El suicidio de dos militares, presionados o atrapados en esta trama, revela el costo humano de un sistema que aplasta a los cuadros intermedios mientras preserva la impunidad de los jefes.

Los nombres de los hermanos Farías, sobrinos políticos de un alto mando naval, aparecen como eslabones visibles de una cadena que llega más arriba, hasta el propio almirante secretario José Rafael Ojeda Durán.

¿Cómo sostener la ficción de que el titular de la dependencia ignoraba lo que ocurría bajo su mando? Nadie, en un cuerpo tan rígidamente jerárquico como la Marina, actúa sin la anuencia o al menos la tolerancia de sus superiores. Y, sin embargo, hasta ahora se guarda un silencio que raya en la complicidad.

El asesinato de Sergio Carmona, empresario vinculado a esta red, así como la muerte de un contraalmirante que se atrevió a denunciar, exhiben la violencia sistémica que envuelve al caso.

No es sólo corrupción: es una estructura mafiosa incrustada en el Estado. La Casa de Bolsa vinculada al jefe de asesores presidenciales aparece como un engranaje financiero que permitió dar cauce legal a ganancias ilícitas.

La ruta del dinero, como siempre, conduce a las esferas donde la política y los negocios se confunden, aunque ahora pretendan convencernos de que se trataba de un acto de patriotismo: ¿qué puede ser más nacionalista que contrabandear combustible bajo el escudo de la patria?

Ni Pablo Gómez, encargado de la Unidad de Inteligencia Financiera, ni Alejandro Gertz Manero, fiscal general, han dado explicaciones convincentes sobre su inacción.

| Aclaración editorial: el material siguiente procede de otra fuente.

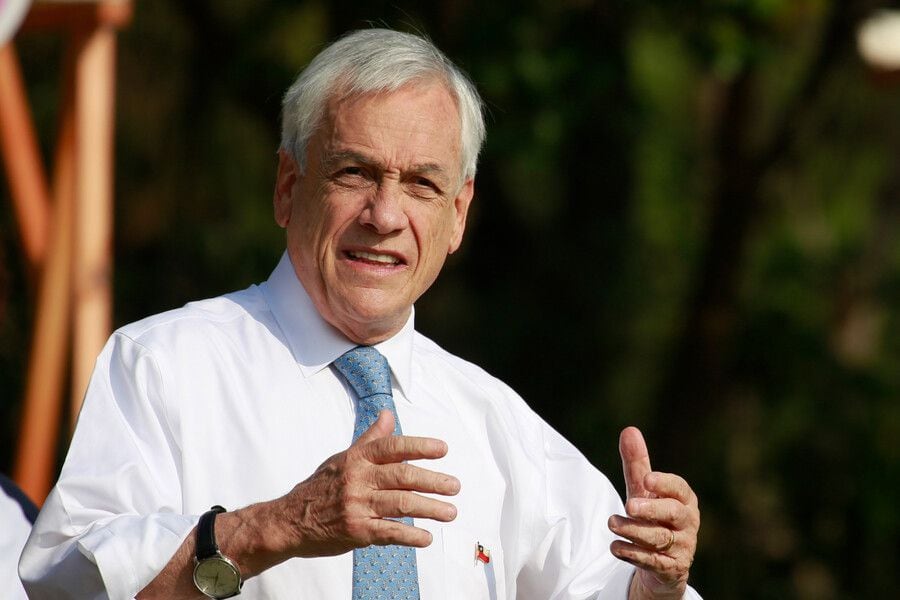 Piñera y petición para extender el IFE: "Estará todo el tiempo que sea necesario"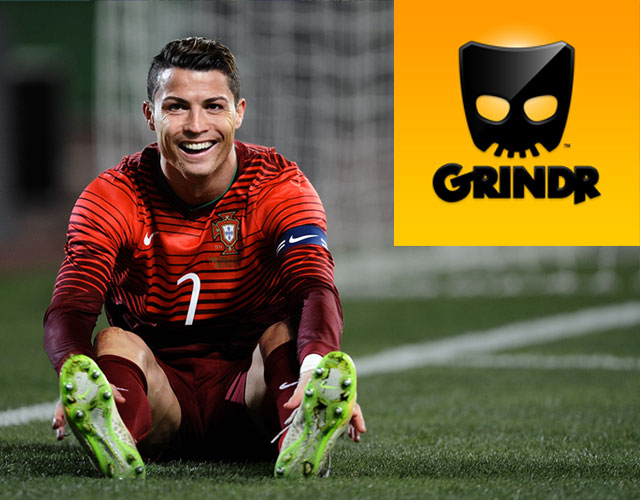 Grindr crece en Brasil con el Mundial de Fútbol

Resulta indispensable preguntarles por qué no actuaron cuando las evidencias eran tan palpables, por qué ahora pretenden simular un control de daños cuando el desfalco se mide en miles de millones de dólares. La respuesta no puede reducirse al manido argumento de la falta de pruebas: lo que faltó fue voluntad para tocar a los poderosos.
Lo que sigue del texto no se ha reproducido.